The Wilmington Mineral Company loaded a car of chrome in Oxford on Wednesday.  They have taken out about 16 tons from James Reisler’s meadow, Elk Township.  Owing to approach of winter the operation will be suspended until spring.

23rd November 1918

The old chrome mines of southern Chester county, which have been closed for years, are now being operated, due to war necessities, and the Wilmington Mineral Company this week loaded several cars from one in Elk township.

Daily Local News
7th December 1918

The war demand for chrome has developed a number of old chrome mines and deposits in southern Chester county and several of the former have been reopened and worked.  One of the largest plants, however, is being installed on the property of Calvin Campbell, in West Nottingham township between Fremont and Nottingham station.

A corporation called the Dellfint Company, has erected a big building or mill, at that place and has installed boilers, engines, scoops, washers etc., to carry on the obtaining of chrome and preparing it for the market.  Harry Hall, of Sylmar, who has during the week been acting as deputy for Sheriff Ortlip, has been made superintendent of the new plant and expects to start operations soon.

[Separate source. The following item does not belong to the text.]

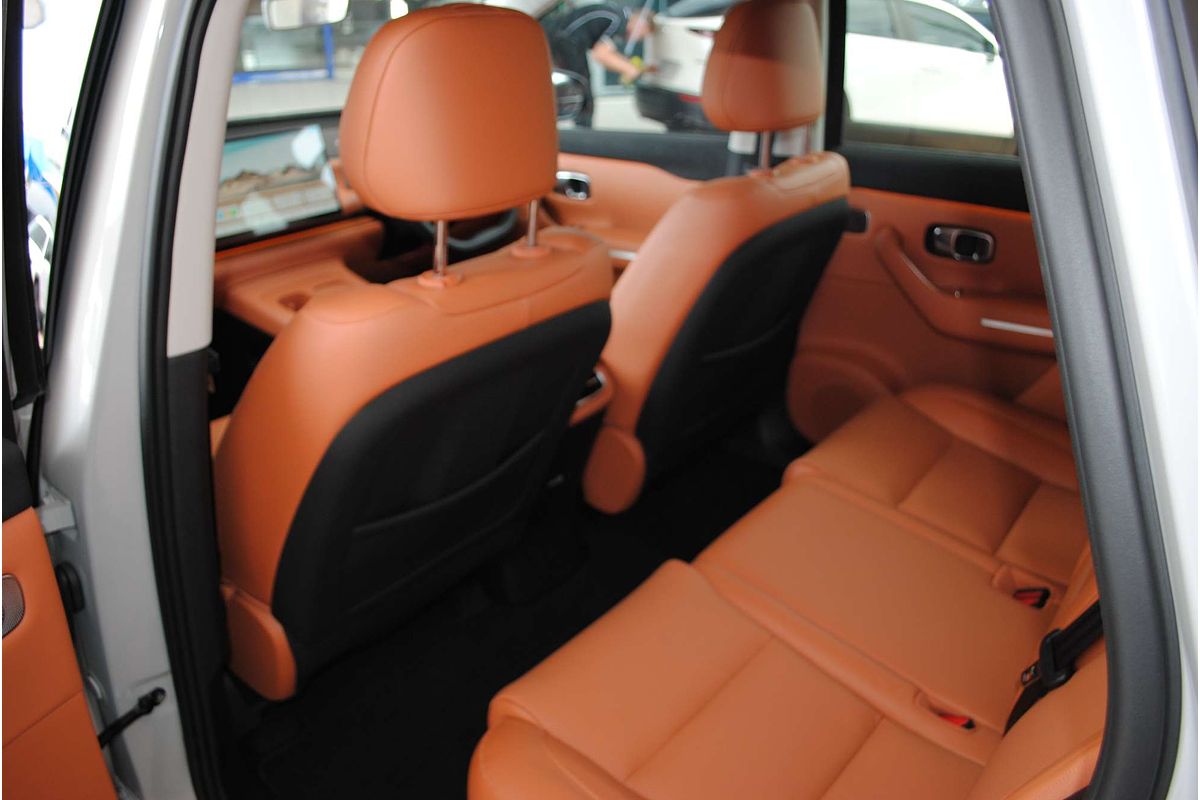2024 Leapmotor C10 Design B11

The chrome deposits at this place are not mined or quarried, but scooped up from the creek etc.  The rock and sand with the chrome is then carried up on shuts, run over breakers and riddles and finally dashed into pans, similar to those used in the placer gold washer plants in the West and the pure chrome separated.  It is then dried and is ready for shipment.  The company has motors for this and soon will be able to send large quantities to the markets for commercial use.  The development of this industry will make us independent of the foreign article and give employment to a considerable number of persons.  The Chester county chrome is superior, but the crude methods for getting it out and ready for use in former years handicapped the business.  New methods and machinery will overcome this.